Interesting. So basically everything in 1.6 is no worse than 1.5, with the minor exception of Array in 6 and 7 dimensions?

[kimikage]

I read https://github.com/JuliaLang/julia/issues/38086#issuecomment-715495220 and wondered if there was something going on with the bounds check (or inbounds propagation).

function arr_sum_both(X)
    val = zero(eltype(X))
    R = CartesianIndices(X)
    @inbounds for i in R
        @inbounds val += X[i]
    end
    val
end

function arr_sum_outeronly(X)
    val = zero(eltype(X))
    R = CartesianIndices(X)
    @inbounds for i in R
        val += X[i]
    end
    val
end

julia> VERSION
v"1.6.0-DEV.1322"

julia> @btime arr_sum($X);
  5.033 μs (0 allocations: 0 bytes)

julia> @btime arr_sum_both($X);
  5.033 μs (0 allocations: 0 bytes)

julia> @btime arr_sum_outeronly($X);
  5.267 μs (0 allocations: 0 bytes)

This may be a separate issue, but it is weird that arr_sum_outeronly is slower.

[johnnychen94]

This is what I get now with two repeated benchmarks:

julia> VERSION
v"1.7.0-DEV.36"

julia> X = rand(4, 4, 4, 4, 4, 4);

julia> @btime arr_sum($X);
  5.540 μs (0 allocations: 0 bytes)
  5.538 μs (0 allocations: 0 bytes)

julia> @btime arr_sum_both($X);
  5.221 μs (0 allocations: 0 bytes)
  5.582 μs (0 allocations: 0 bytes)

julia> @btime arr_sum_outeronly($X);
  5.110 μs (0 allocations: 0 bytes)
  5.223 μs (0 allocations: 0 bytes)

This difference might just be noises.

[kimikage]

I also checked again and found no difference in the native code depending on the position of @inbounds. However, it seems certain that the noise is not random.
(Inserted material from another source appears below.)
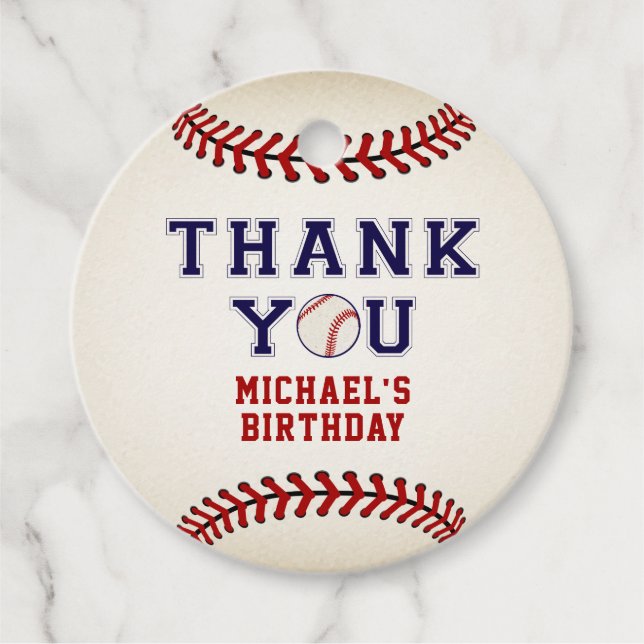 Vintage Baseball, Birthday Favour Tags (Front)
The internal state of the CPU, such as the caches, may affect it in this case.

On the other hand, in the case of https://github.com/JuliaLang/julia/issues/38086#issuecomment-715495220, there is a clear difference.

[KristofferC]

Seems like this caused a similar problem in https://discourse.julialang.org/t/drop-of-performances-with-julia-1-6-0-for-interpolationkernels/58085 as was fixed in https://github.com/JuliaLang/julia/pull/39333.
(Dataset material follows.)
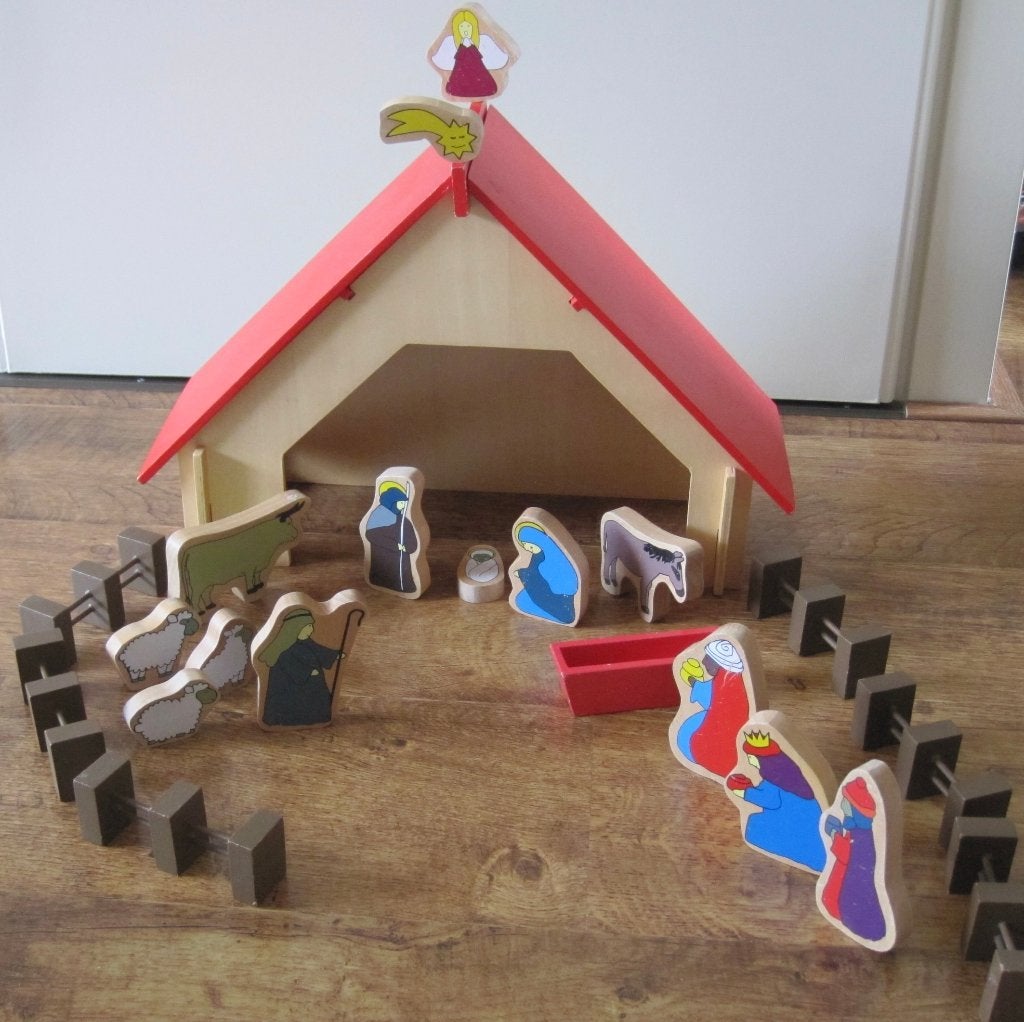 houten kerststal met 14 figuren, Diversen, Kerst, Ophalen of Verzenden, Gebruikt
https://discourse.julialang.org/t/drop-of-performances-with-julia-1-6-0-for-interpolationkernels/58085/12 has an MWE.

Adding @inbouds @simd outside the Cartesian loop seems to work arund it.

[kimikage]

IIRC, this might have something to do with https://github.com/JuliaLang/julia/issues/39700#issuecomment-781030776

However, I have no knowledge about the countermeasures on the compiler side.